__TASK BRIEF__.
All that is wanted is the exact text of the lines below from the one with "Hi everyone, trust" through the one with "We're almost there.", inclusive, minus any pictures.

__EXCERPTED RECORDS__.

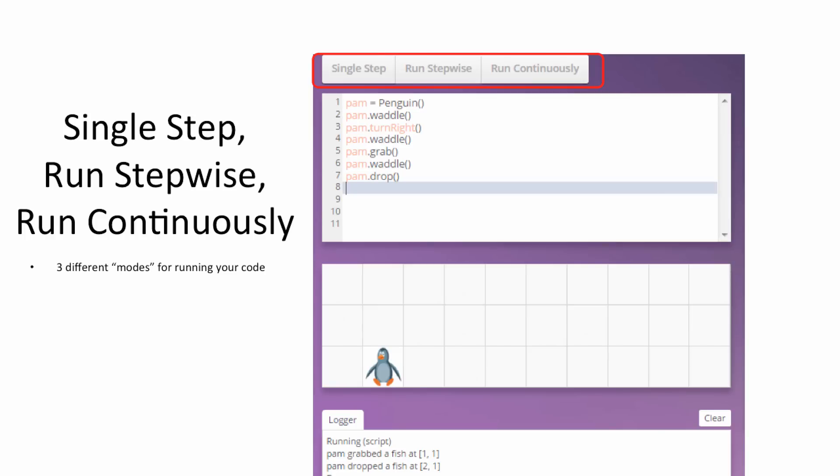And right above the Code Editor, you'll find the Single Step, Run Stepwise, and Run Continuously buttons, or the three different modes for running your code. Each click of the Single Step button tells the computer to execute one line of code at your leisure. Run Stepwise tells the computer to read the entire body of code step by step. And Run Continuously tells the computer to execute the entire body of code rapidly.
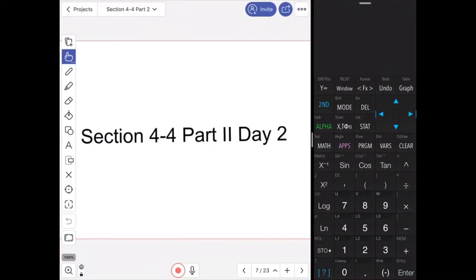In this video, we will discuss section 4-4, part 2, day 2: introducing factoring.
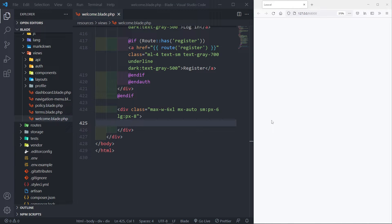Hi everyone, trust you all are doing well. We finished up in the previous one where we created a blade component, and what we're going to do in this one is to render that component.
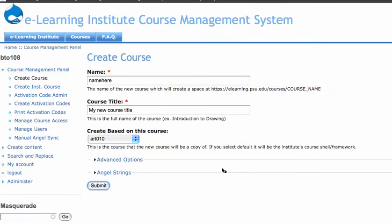So I'll hit submit, and this is actually working in conjunction with a modified version of the backup and migrate module, and it's going to take a little bit of time here, this is a pretty big course.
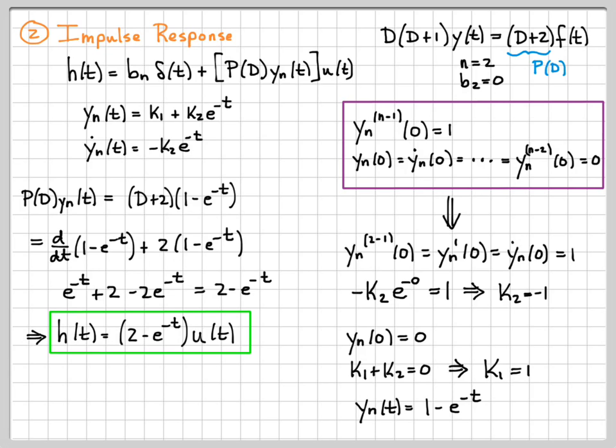We're almost there. The next thing we need to do is use this impulse response to compute the zero state response, and we will do that in the next video.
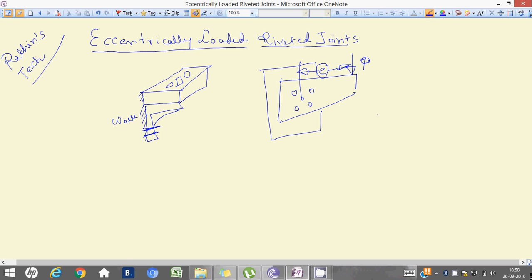In this eccentric rivet study, the primary shear forces — I am drawing this part — these are nothing but our rivets. There are four rivets actually: one, two, three, four. So let me draw this in a wide zoomed rivet view.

__FINISHED TASK__.
Hi everyone, trust you all are doing well. We finished up in the previous one where we created a blade component, and what we're going to do in this one is to render that component.
So I'll hit submit, and this is actually working in conjunction with a modified version of the backup and migrate module, and it's going to take a little bit of time here, this is a pretty big course.
We're almost there. The next thing we need to do is use this impulse response to compute the zero state response, and we will do that in the next video.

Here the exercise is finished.